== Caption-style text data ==
◆ ◆ ◆
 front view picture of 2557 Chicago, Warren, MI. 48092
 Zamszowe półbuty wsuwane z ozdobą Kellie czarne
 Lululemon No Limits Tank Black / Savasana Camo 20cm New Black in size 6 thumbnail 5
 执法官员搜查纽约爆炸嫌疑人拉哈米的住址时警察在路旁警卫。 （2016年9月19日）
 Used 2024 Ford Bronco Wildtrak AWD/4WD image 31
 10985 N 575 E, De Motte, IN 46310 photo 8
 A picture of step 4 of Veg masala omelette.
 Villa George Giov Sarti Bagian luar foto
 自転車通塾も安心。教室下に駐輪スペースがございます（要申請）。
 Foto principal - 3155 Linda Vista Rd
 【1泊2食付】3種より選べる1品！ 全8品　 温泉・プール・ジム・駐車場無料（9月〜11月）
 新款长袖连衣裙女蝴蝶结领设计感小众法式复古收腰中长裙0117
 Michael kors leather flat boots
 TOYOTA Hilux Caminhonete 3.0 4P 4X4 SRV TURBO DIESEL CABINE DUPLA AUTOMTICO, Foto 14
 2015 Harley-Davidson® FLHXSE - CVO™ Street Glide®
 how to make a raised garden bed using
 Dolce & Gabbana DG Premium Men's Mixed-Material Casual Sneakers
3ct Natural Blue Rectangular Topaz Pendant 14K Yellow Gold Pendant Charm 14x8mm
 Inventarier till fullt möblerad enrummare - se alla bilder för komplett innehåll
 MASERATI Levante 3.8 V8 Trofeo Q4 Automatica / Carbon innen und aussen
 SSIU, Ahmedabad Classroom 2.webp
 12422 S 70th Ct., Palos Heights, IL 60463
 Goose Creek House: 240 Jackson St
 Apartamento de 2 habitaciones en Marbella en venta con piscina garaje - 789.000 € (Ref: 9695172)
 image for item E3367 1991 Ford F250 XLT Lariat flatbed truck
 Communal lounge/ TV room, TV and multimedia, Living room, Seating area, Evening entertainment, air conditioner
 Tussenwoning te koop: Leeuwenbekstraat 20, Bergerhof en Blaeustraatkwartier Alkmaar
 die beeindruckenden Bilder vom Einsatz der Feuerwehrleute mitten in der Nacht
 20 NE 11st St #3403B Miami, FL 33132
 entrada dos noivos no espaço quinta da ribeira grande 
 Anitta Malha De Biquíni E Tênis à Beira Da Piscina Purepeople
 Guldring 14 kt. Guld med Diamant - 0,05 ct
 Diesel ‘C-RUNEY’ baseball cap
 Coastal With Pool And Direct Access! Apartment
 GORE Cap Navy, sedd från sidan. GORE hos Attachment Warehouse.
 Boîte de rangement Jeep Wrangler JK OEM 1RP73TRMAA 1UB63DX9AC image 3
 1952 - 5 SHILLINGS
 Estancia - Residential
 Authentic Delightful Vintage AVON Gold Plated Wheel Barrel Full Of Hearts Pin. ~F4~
◆ ◆ ◆
== What to work on ==
Your task is to restate, word for word, only those lines above that fall between the line holding "Apartamento de 2" and the line holding "entrada dos noivos", inclusive.

== Answer section ==
 Apartamento de 2 habitaciones en Marbella en venta con piscina garaje - 789.000 € (Ref: 9695172)
 image for item E3367 1991 Ford F250 XLT Lariat flatbed truck
 Communal lounge/ TV room, TV and multimedia, Living room, Seating area, Evening entertainment, air conditioner
 Tussenwoning te koop: Leeuwenbekstraat 20, Bergerhof en Blaeustraatkwartier Alkmaar
 die beeindruckenden Bilder vom Einsatz der Feuerwehrleute mitten in der Nacht
 20 NE 11st St #3403B Miami, FL 33132
 entrada dos noivos no espaço quinta da ribeira grande 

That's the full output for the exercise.